▶ THE PROBLEM: Please copy the data exactly as it stands, minus the images.

Start of RECORDS FOR THE EXERCISE

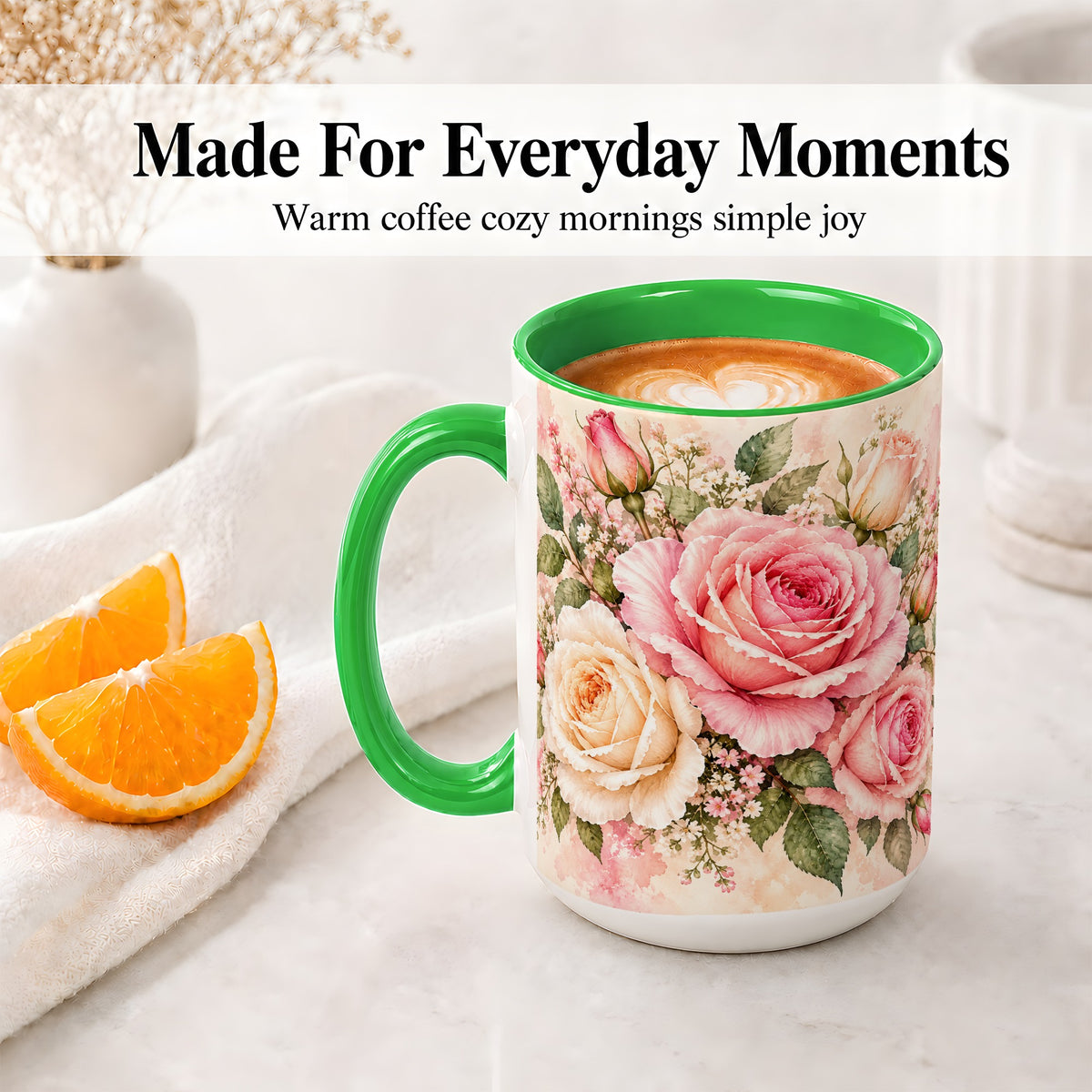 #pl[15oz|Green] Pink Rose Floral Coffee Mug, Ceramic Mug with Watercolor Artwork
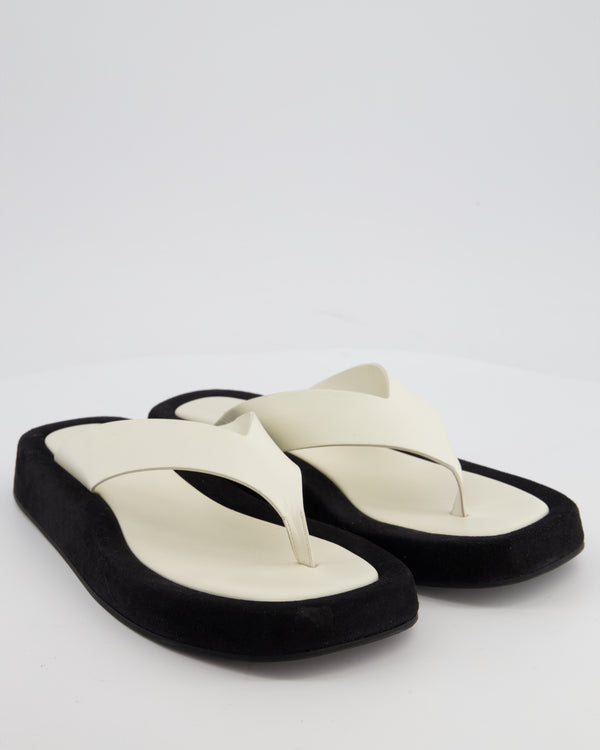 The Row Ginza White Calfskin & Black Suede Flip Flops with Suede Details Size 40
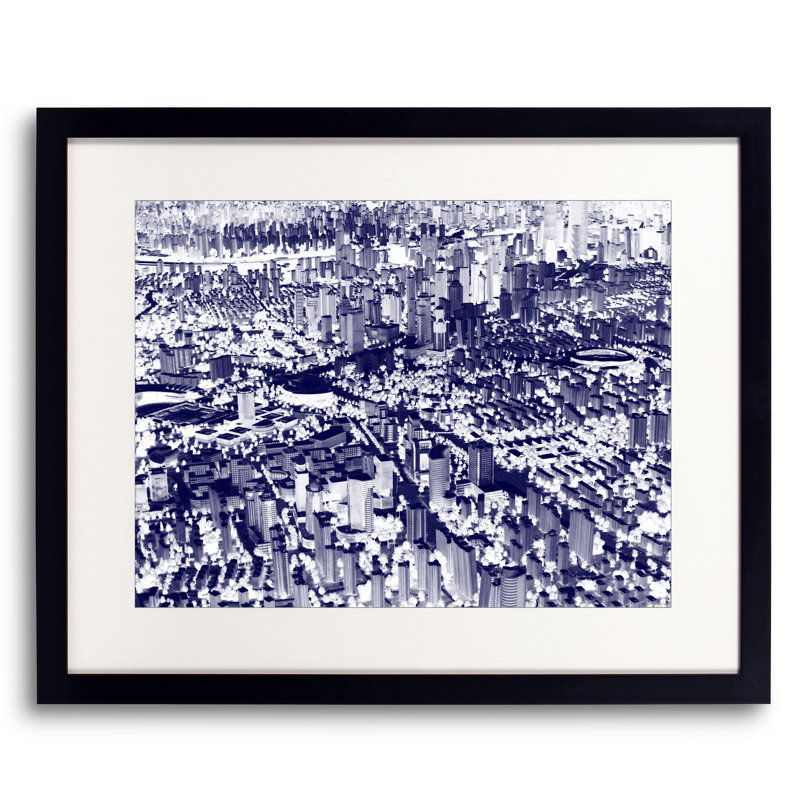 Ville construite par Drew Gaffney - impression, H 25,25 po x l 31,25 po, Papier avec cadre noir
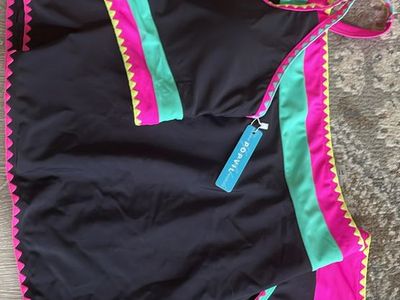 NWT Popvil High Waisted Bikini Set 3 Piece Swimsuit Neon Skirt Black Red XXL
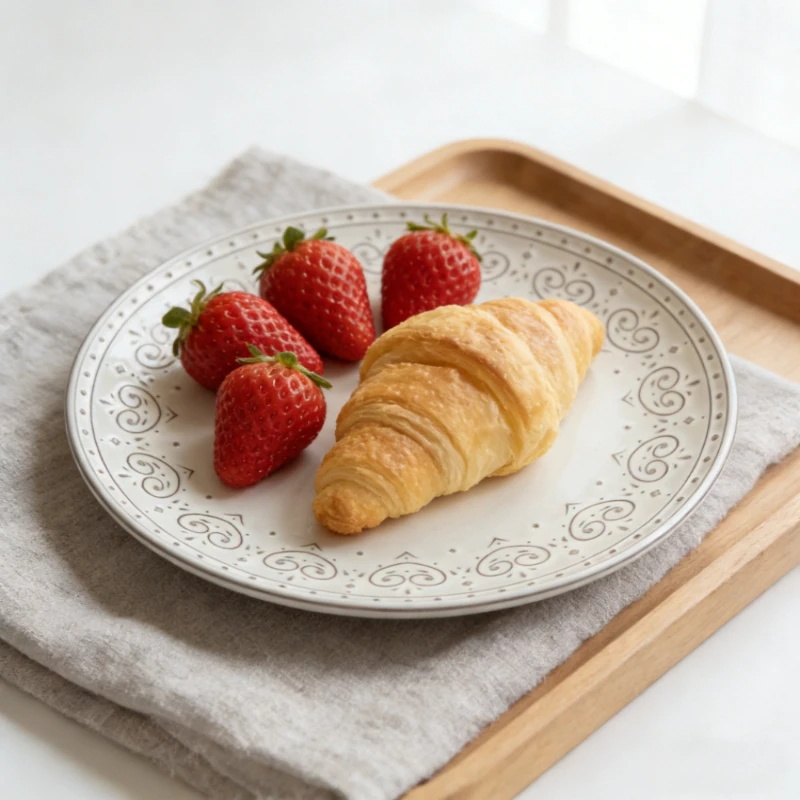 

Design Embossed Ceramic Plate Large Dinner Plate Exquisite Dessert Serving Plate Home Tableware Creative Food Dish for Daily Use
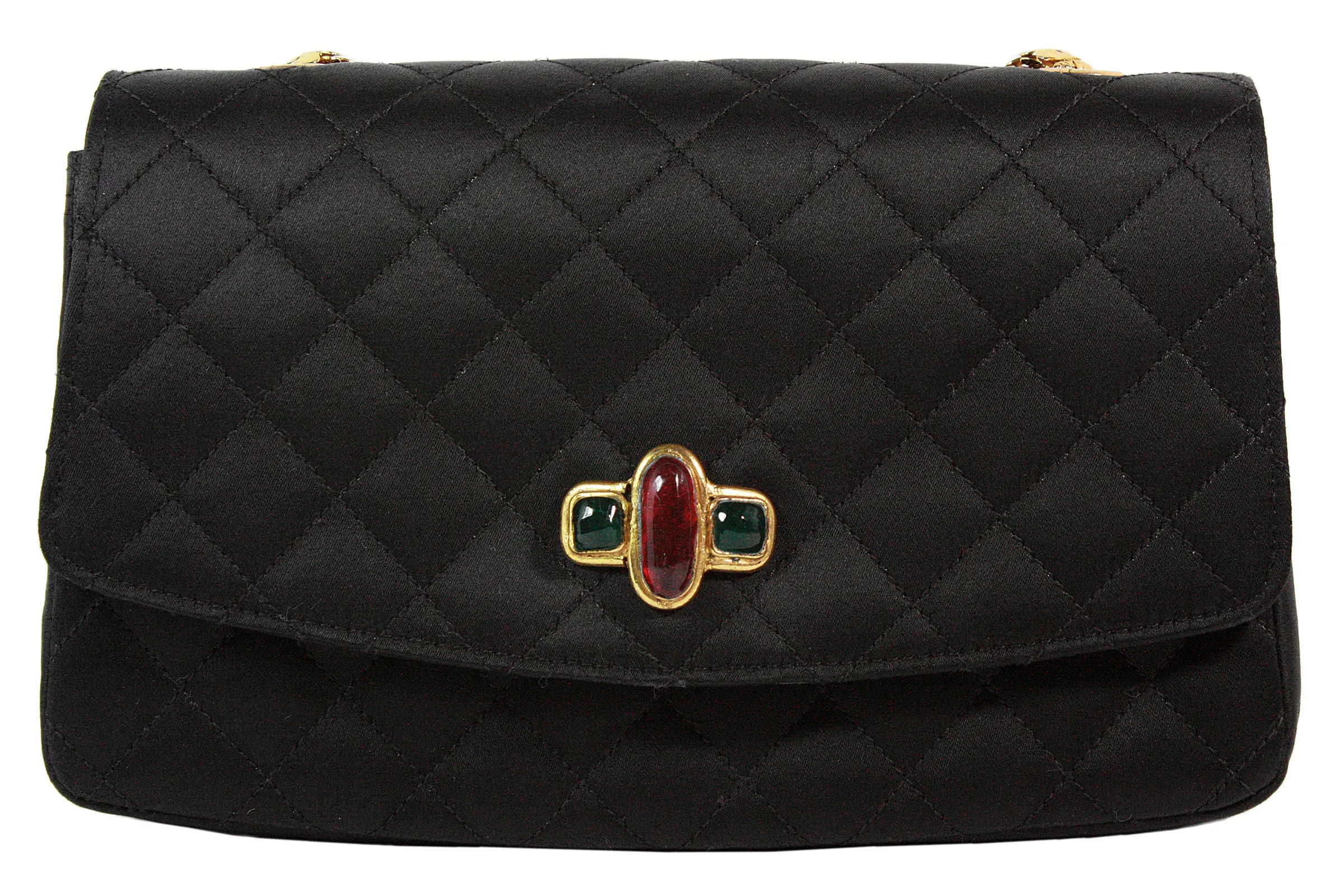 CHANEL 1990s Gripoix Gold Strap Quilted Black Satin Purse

End of RECORDS FOR THE EXERCISE

▶ OUTPUT:
 #pl[15oz|Green] Pink Rose Floral Coffee Mug, Ceramic Mug with Watercolor Artwork
 The Row Ginza White Calfskin & Black Suede Flip Flops with Suede Details Size 40
 Ville construite par Drew Gaffney - impression, H 25,25 po x l 31,25 po, Papier avec cadre noir
 NWT Popvil High Waisted Bikini Set 3 Piece Swimsuit Neon Skirt Black Red XXL

Design Embossed Ceramic Plate Large Dinner Plate Exquisite Dessert Serving Plate Home Tableware Creative Food Dish for Daily Use
 CHANEL 1990s Gripoix Gold Strap Quilted Black Satin Purse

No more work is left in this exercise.